Reflection or Constraint? The NPT and U.S. Policy toward Emerging Nuclear Powers

Nicholas Miller, Associate Professor of Government, Dartmouth College
Encina Hall West, Room 400

Do international treaties constrain great power behavior or merely reflect great power preferences? This paper reexamines this longstanding question by analyzing the impact of the Nuclear Nonproliferation Treaty (NPT) on U.S. policy. The existing literature on the NPT suggests it is not a significant constraint on Washington: either it reflects a vital U.S. interest in preventing the spread of nuclear weapons or the United States selectively enforces the treaty and ignores it when it is inconvenient. In contrast, this paper argues the NPT exerts a significant constraining effect on U.S. policy, in particular by activating and mobilizing domestic actors who push the White House to impose pressure on proliferators even when the President believes this is against U.S. interests. The paper tests and finds preliminary support for four observable implications of the argument, showing that (1) the United States has been more likely to impose sanctions on countries pursuing nuclear weapons after the NPT, (2) this likelihood has increased over time in line with growing domestic mobilization in support of the treaty, (3) Washington has been more likely to try to convince countries that acquire nuclear weapons to roll back their arsenals after the NPT, and (4) this constraining impact is visible even in the case of Pakistan, a case that is often pointed to as one where the United States ignored the NPT and nonproliferation concerns.

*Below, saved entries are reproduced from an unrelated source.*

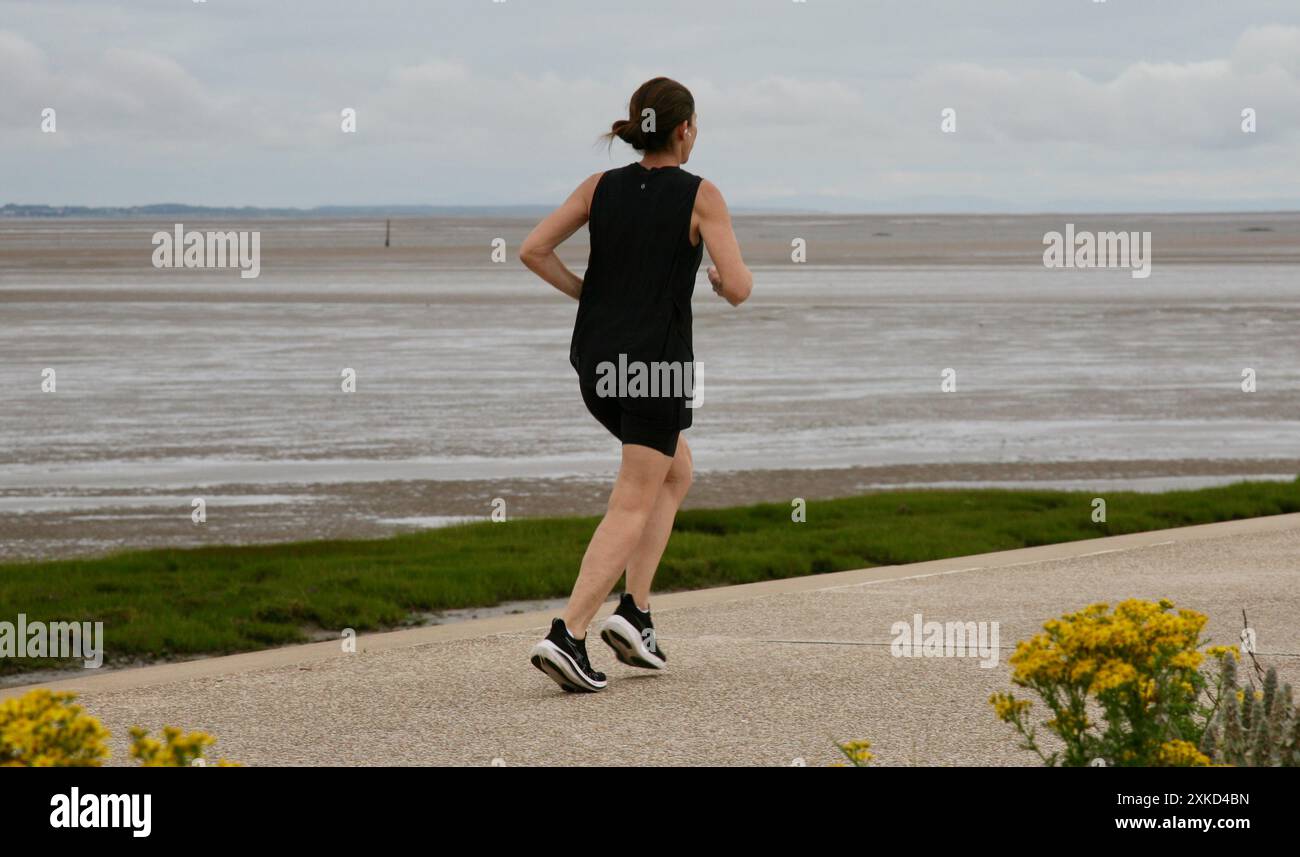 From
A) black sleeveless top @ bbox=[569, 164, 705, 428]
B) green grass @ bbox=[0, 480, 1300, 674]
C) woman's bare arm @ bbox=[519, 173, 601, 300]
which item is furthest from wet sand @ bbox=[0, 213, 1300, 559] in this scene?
black sleeveless top @ bbox=[569, 164, 705, 428]

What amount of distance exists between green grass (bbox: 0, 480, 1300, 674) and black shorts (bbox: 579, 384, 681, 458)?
2.59 metres

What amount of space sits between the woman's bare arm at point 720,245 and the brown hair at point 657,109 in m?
0.23

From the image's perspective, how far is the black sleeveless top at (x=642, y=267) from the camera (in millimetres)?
5680

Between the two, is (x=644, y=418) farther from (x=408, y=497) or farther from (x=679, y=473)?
(x=408, y=497)

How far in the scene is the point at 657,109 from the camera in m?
5.66

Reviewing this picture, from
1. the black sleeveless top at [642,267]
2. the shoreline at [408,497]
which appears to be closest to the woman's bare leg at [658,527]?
the black sleeveless top at [642,267]

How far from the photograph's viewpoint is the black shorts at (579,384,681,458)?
5691 mm

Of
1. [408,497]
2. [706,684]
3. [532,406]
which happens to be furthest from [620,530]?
[532,406]

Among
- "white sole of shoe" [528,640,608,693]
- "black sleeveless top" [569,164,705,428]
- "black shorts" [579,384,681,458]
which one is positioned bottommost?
"white sole of shoe" [528,640,608,693]

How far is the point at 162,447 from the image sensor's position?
16922mm

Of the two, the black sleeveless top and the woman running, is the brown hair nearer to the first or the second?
the woman running

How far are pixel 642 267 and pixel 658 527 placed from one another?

Nicholas Miller's research focuses on nuclear proliferation and international security. His book, Stopping the Bomb: The Sources and Effectiveness of U.S. Nonproliferation Policy,  was published by Cornell University Press in 2018. The dissertation on which the book is based received the 2015 Helen Dwight Reid Award, awarded by the American Political Science Association for the best dissertation in international relations, law, and politics. It also won the 2015 Kenneth N. Waltz Prize, awarded for the best dissertation in the field of international security and arms control.